When you reach the line that contains "this 224×224 image.", begin copying exactly, and continue through the last line of the data; no pictures belong in the copy.

Annotated photo localization data ▸
----------
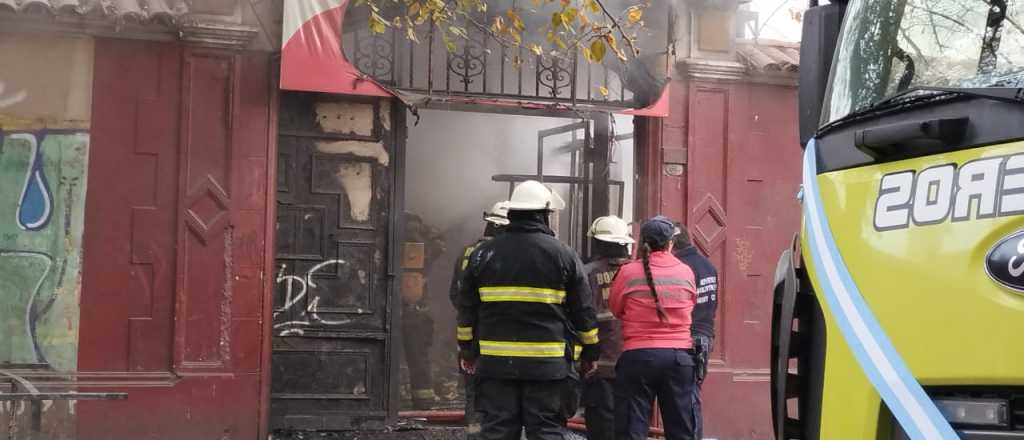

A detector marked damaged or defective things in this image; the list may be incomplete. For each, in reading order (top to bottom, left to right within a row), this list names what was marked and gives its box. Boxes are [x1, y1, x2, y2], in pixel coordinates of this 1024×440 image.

peeling paint [315, 101, 376, 136]
peeling paint [313, 140, 389, 165]
peeling paint [335, 162, 372, 222]
charred door [270, 93, 401, 429]
burnt doorway [270, 91, 401, 431]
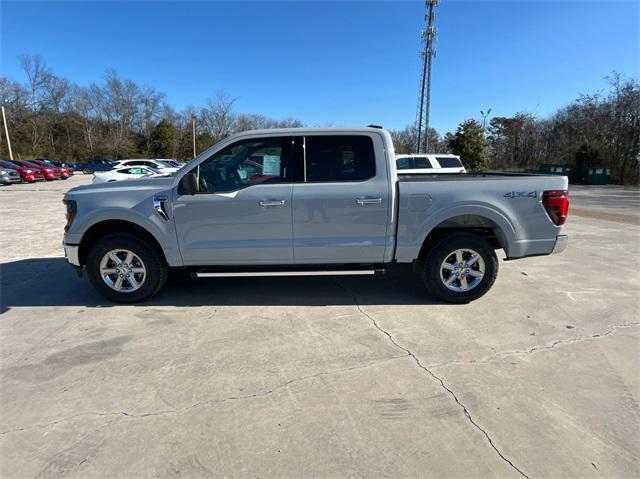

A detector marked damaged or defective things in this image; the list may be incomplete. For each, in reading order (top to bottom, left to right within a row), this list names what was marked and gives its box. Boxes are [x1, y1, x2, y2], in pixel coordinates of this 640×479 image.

crack in concrete [0, 354, 408, 436]
crack in concrete [336, 284, 524, 478]
crack in concrete [428, 322, 640, 372]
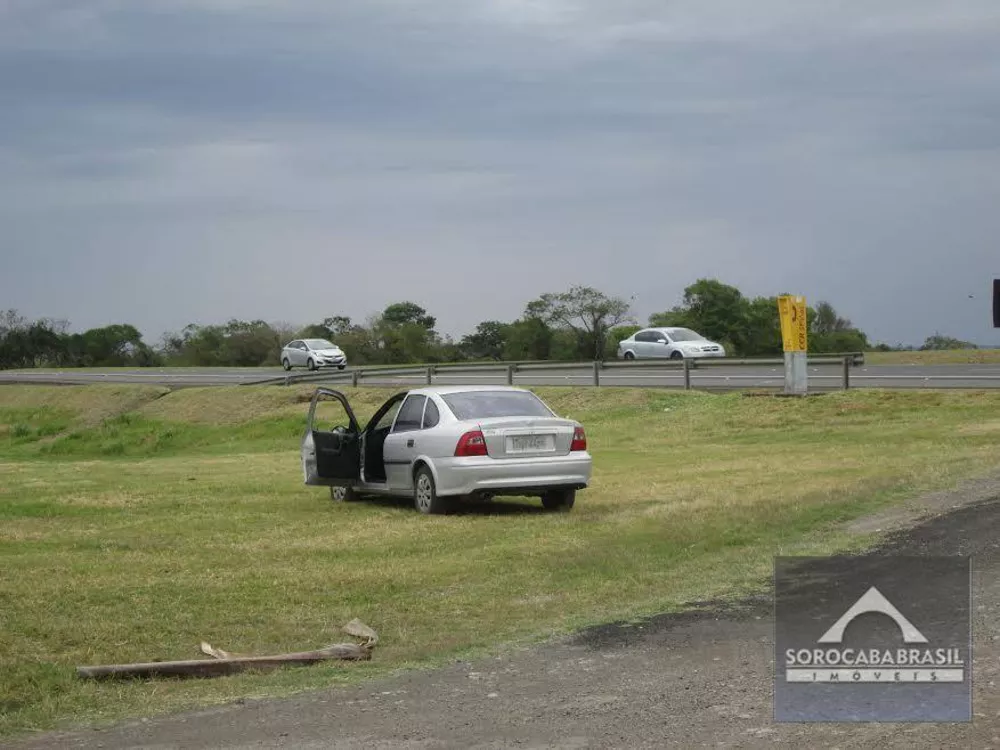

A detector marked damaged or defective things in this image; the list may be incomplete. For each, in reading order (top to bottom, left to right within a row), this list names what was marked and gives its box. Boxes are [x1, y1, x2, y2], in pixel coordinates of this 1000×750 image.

damaged door [302, 388, 362, 488]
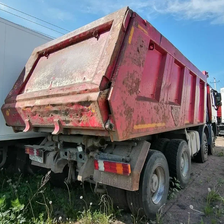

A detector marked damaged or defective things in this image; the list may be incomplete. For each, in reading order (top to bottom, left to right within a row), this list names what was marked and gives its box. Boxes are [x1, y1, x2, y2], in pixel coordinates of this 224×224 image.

rusty truck bed [1, 7, 206, 141]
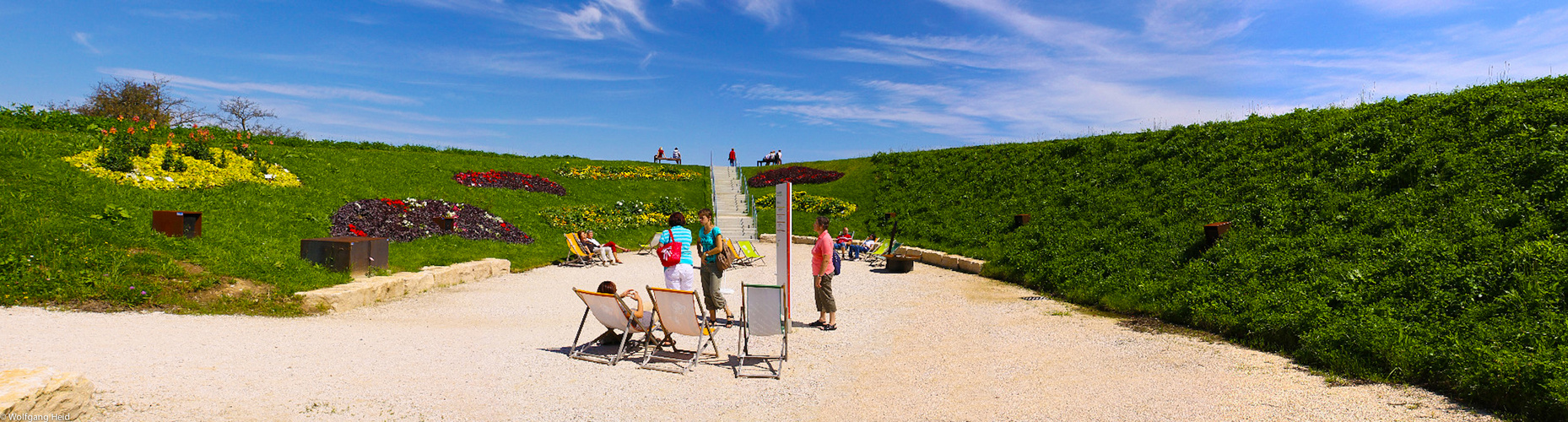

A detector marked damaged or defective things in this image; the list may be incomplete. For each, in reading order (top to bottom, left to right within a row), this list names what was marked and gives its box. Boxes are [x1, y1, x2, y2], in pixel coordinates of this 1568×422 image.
----------
SOLUTION ▸
A detector marked damaged or defective things in this image; the list may be incomplete. For each, in reading order (top to bottom, left to right within a row), this list names what was marked and gives its box. Boxes are [x1, y1, x2, y2], in pixel coordinates of this 224×224 image.

rusty truck bed [1, 7, 206, 141]

A detector marked damaged or defective things in this image; the list may be incomplete. For each, in reading order (top to bottom, left to right within a row), this list names what was marked and gives its box. Boxes are [x1, y1, x2, y2], in pixel coordinates of this 1568×422 image.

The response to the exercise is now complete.